The cast does what they can with some very underwritten roles. Callie’s entire personality stems from her hatred of her father. She’s barely interested in her kids’ lives and it’s not even clear what she does with her time while they’re off at school and/or busting ghosts. Rudd has exactly the right comic energy for a modern Ghostbusters but the script leaves him little to do but explain the first movie’s events and technology to the younger heroes — who are all cute and enthusiastic, but mostly feel like a cynical attempt to graft a kid-friendly point-of-view onto a property (not to mention a narrative) that’s obsessed with things that happened almost four decades ago.

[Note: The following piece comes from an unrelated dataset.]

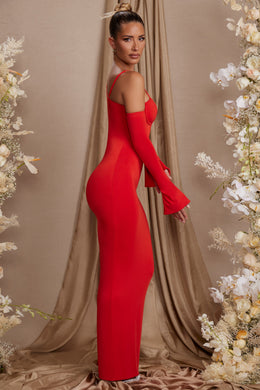 Vestido largo de manga larga con hombros descubiertos en rojo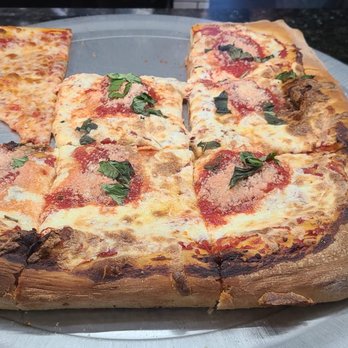 Nexus Pizza - Margherita Pizza - Pizza Near Me - Orlando, Florida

Rather than flesh out the new characters, Reitman fixates on fan service. He lingers over the old Ghostbusters traps, PKE meters, and proton packs. He recreates specific lines from the 1984 Ghostbusters exactly. He fills Egon’s farmhouse with Easter eggs. The whole movie is basically the Leonardo DiCaprio pointing at the TV meme from Once Upon a Time in Hollywood for 125 straight minutes. That includes his use of the surviving Ghostbusters cast, including Bill Murray, Dan Aykroyd, and Ernie Hudson. In their limited scenes, they are actually very funny and charming, and they all effortlessly slip back into their old roles. But even with Egon’s importance to the overall plot, they’re a tiny part of Afterlife, just another piece of the first film to dust off and smile at in recognition for a minute or two before it’s on to the next familiar prop or music cue.

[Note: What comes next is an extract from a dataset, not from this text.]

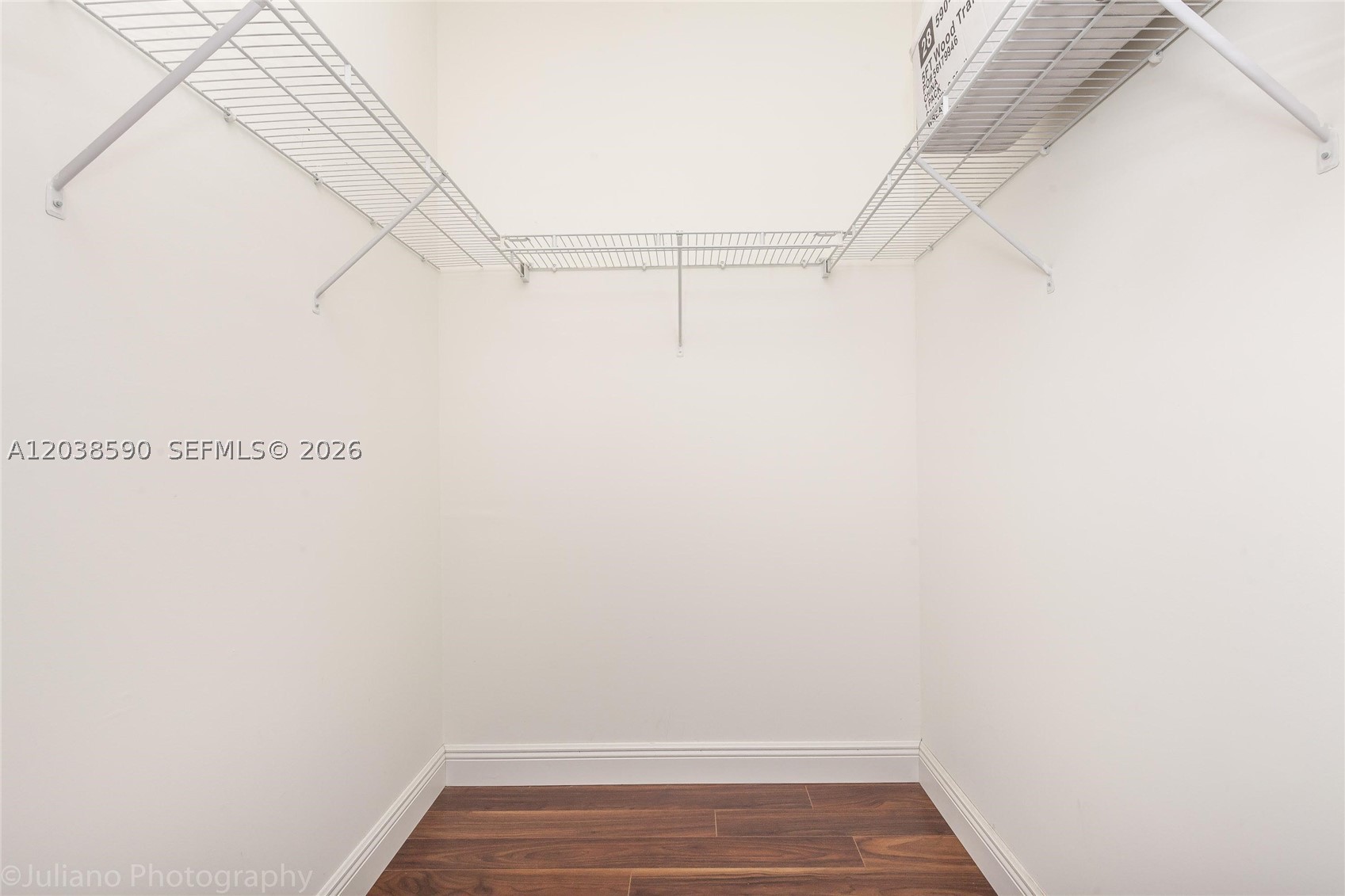 PUERTA DE PALMAS CONDO - Residential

I am sure Jason Reitman loves the original Ghostbusters. He clearly knows it well. But for all his deference to it, he seems to have completely missed what made that Ghostbusters work. It wasn’t just that the guys wore cool jumpsuits or had fun gadgets, or that it made science seem cool to a generation of budding nerds. Strip away the sci-fi trappings and Ghostbusters really is just an archetypical slobs versus snobs comedy. The ghosts aren’t even really the villains. The true bad guys are the stuffy, humorless authority figures who stifle Venkman, Stanz, and Spengler at every turn: the EPA’s Walter Peck, most obviously, but also the Dean at Columbia University who fires them, and the manager of the Sedgwick Hotel who thinks they’re quacks. Even Gozer, with her supernatural heels and supermodel haircut, belongs to that group.

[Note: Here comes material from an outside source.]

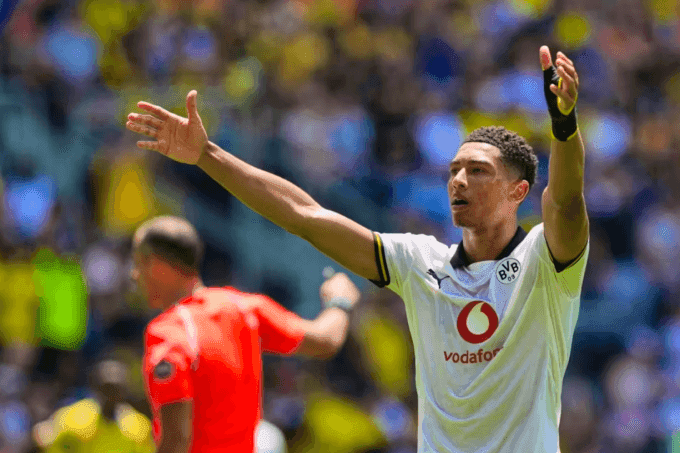 Jobe Bellingham mừng bàn thứ ba cho Dortmund. Ảnh: DPA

That energy is totally missing from Ghostbusters: Afterlife. Phoebe is nominally an outcast because of her enormous intellect and passion for science, but none of the kids at school tease or antagonize her. Trevor falls for Lucky at the drive-in, but she’s enamored with him almost immediately and their relationship proceeds without a hiccup. There’s a local sheriff, played by Bokeem Woodbine, but his role is so brief he doesn’t pose a threat to the new Ghostbusters. There are no human villains, in other words, and Reitman finds nothing to replace them except hollow nostalgia.

Even if you don’t love the 1984 Ghostbusters as much as Jason Reitman (or, frankly, me), you have to at least acknowledge that the film had wit and style and some authentic New York attitude. One of the reasons it appealed so strongly to kids in the ’80s was because it wasn’t necessarily a movie designed for them. Aykroyd initially conceived the project as another Blues Brothers-style vehicle for him and John Belushi, and the final production maintained plenty of grit and grime, with a ton of scares and a fair amount of off-color humor. Afterlife is packed with Ghostbusters paraphernalia, but that spirit is nowhere in sight.

Additional Thoughts:

-Introducing the world premiere screening of Ghostbusters: Afterlife, Jason Reitman said he “had the luckiest childhood a kid could have,” because he got to grow up around his dad’s movies and hang out on the set of the original Ghostbusters. Yet Afterlife features two different deadbeat dads whose absence in their children’s lives causes catastrophic emotional damage. That’s a weird way to pay tribute your beloved father.